Once you accept this premise, you can use cohort analysis to estimate customer lifetime value. Cohort analysis tracks the behavior of a specific ‘batch’ of customers (for example the January 2010 cohort means customers acquired in January 2010) over time. You can do this for multiple cohorts as follows:
The table below illustrates the behavior of the January cohort, which is the customers that were originally acquired in January.
The next table indicates the order value generated by the January cohort.
What we see is that the January cohort of 1,000 buyers spent a total of Rs. 29L during the year. If this business has a contribution margin (i.e. shipped revenue less COGS and variable costs such as discounts, payment gateway, shipping & handling) of 15%, then the cohort of 1,000 customers generated Rs. 4.35L of contribution margin in the year or Rs. 435 per customer. Because the number of transacting customers as a % of the starting base has begun to asymptote in 12 months, you can project this forward and calculate lifetime value over 2 or 3 years (note, this is NOT year 1 value multiplied by 2 or 3). Lets assume the 3-year lifetime value of a customer based on this analysis is approx. Rs 800. This should become the maximum allowable acquisition cost you pay to acquire a customer in steady state.

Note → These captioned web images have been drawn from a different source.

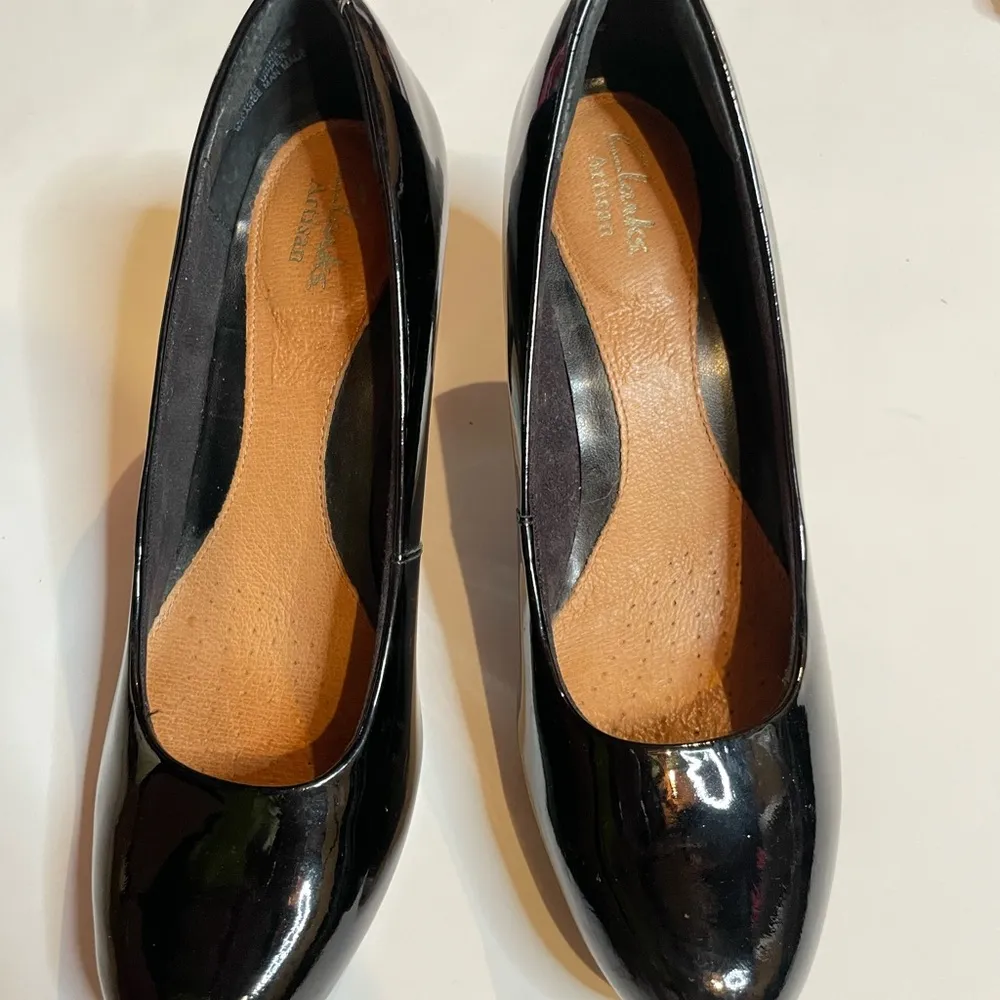 Clarks Artisan Black Patent Heels Women’s Size 7M - Image 2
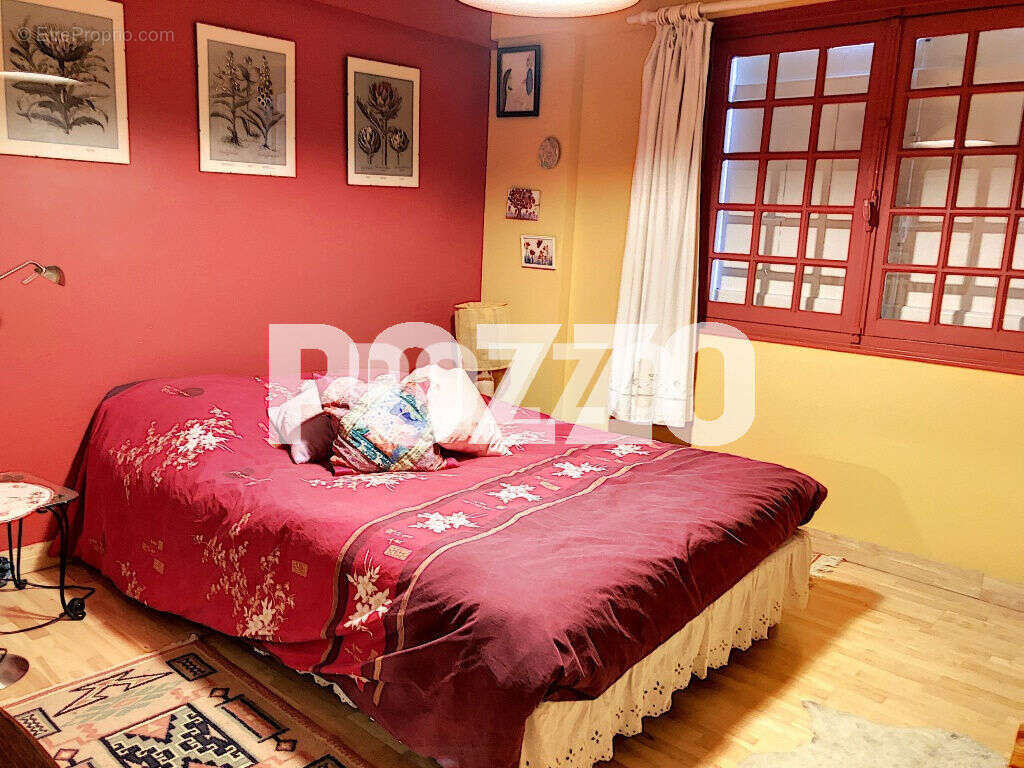 Maison à AGON-COUTAINVILLE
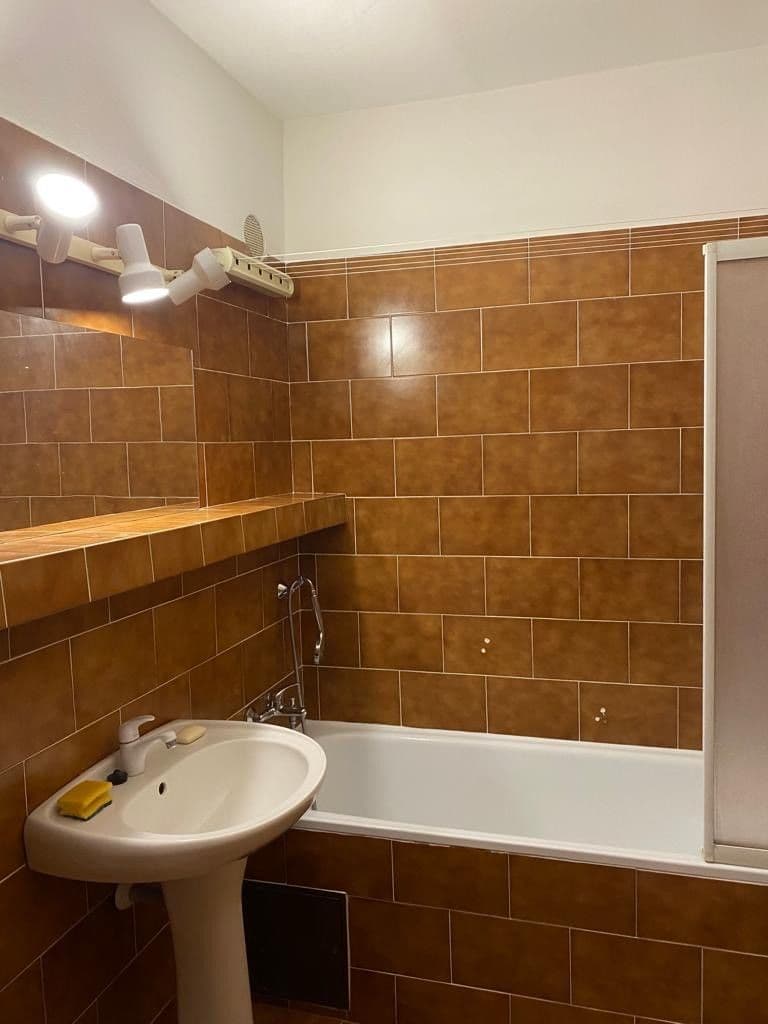 Prenájom bytu 2-izbový 85 m², Lonkova, Pardubice, Pardubický kraj Prenájom bytu 2-izbový 85 m², Lonkova, Pardubice, Pardubický kraj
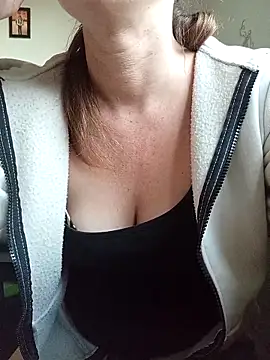 Snapshot of Ladyluder88 chatting on 19, 9, 2025 Ladyluder88 online show from 19, 9, 2025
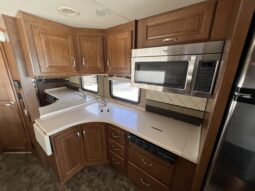 2015 Thor Motor Challenger 37KT full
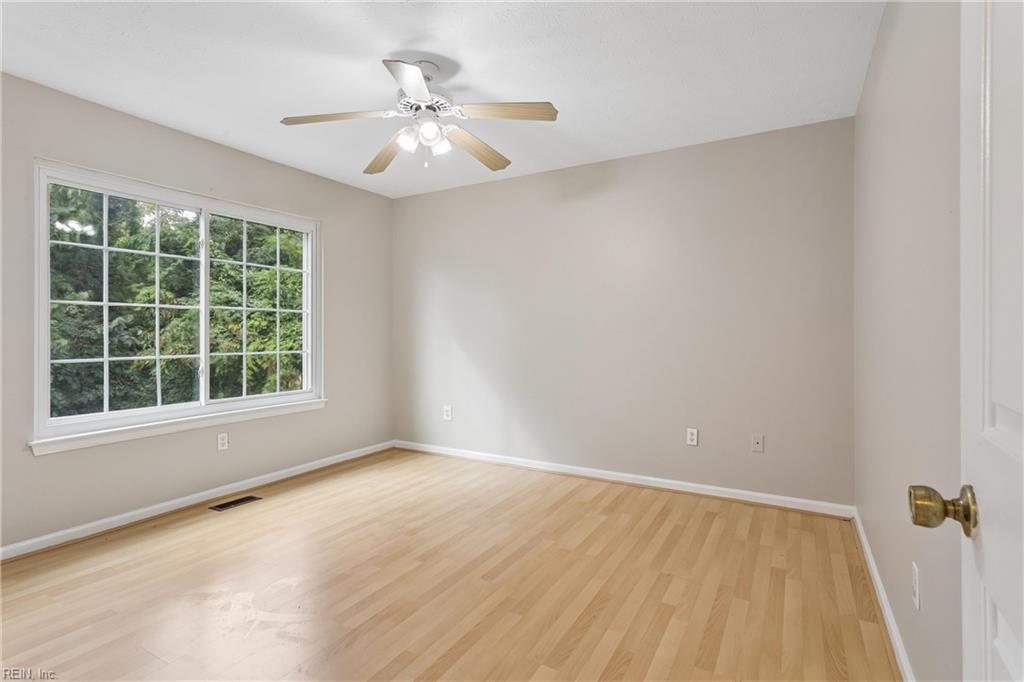2 Great Lakes Dr Property Photo 30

Many of the most successful e-commerce companies in our portfolio achieve lifetime value to customer acquisition cost ratios (LTV/CAC) in excess of 3:1, which enables them to grow rapidly and profitably through aggressive marketing. Since acquisition costs can only be controlled to a certain extent given media costs, competitive dynamics etc, they do this primarily by focusing on customer economics, and specifically increasing: (i) frequency of purchase, (ii) margins, and (iii) order values (through effective retention marketing and initiatives).
Most companies that measure this data carefully allocate more of their resources to retaining customers and improving customer economics than companies that don’t. After all, it’s much easier to ramp up customer acquisition if you already have systems in place to maximize the value of those customers than it is to change the DNA of an organization that focuses only on customer acquisition.